HALSEL, JELAJAHPOST.COM – Pengelolaan Dana Operasional Kesehatan (BOK) hampir Rp 1 miliar di Puskesmas Indari, Kecamatan Bacan Barat, Kabupaten Halmahera Selatan, menuai sorotan. Kepala Puskesmas (Kapus) Badawi Kamarullah dituding tidak transparan, sehingga menimbulkan keresahan pegawai dan masyarakat. Selasa (9/9/2025)

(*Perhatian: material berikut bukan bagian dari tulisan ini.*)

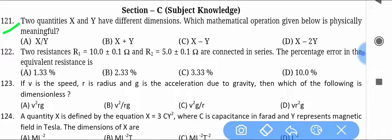Two quantities x and y have different dimensions. Which mathematical operation given below is physically meaningful? You have to prove it mathematically.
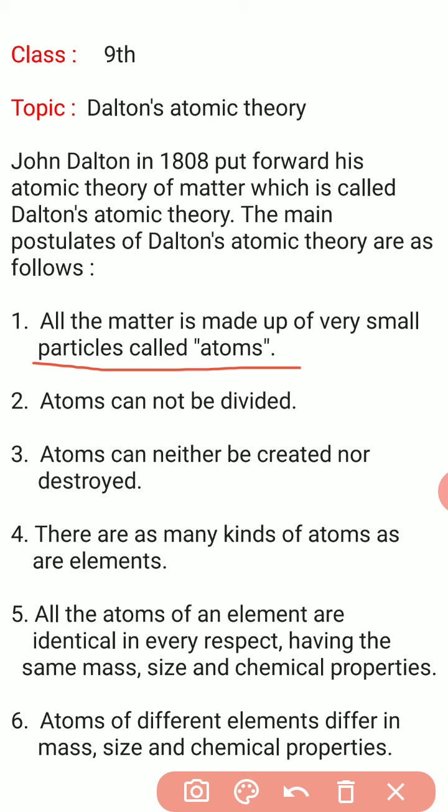Atoms cannot be seen even under a microscope. They cannot be divided into further pieces, and they can neither be created nor destroyed.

Sejumlah pegawai mengaku selama ini tidak pernah mendapat penjelasan terkait penggunaan dana tersebut. Padahal, BOK menjadi sumber utama kegiatan pelayanan kesehatan.
“Dana BOK hampir Rp 1 miliar, tapi kami hanya mendapat Rp 170 ribu per hari saat turun ke desa. Untuk tiga hari kegiatan di dua desa, hanya Rp 510 ribu,” ungkap salah seorang pegawai.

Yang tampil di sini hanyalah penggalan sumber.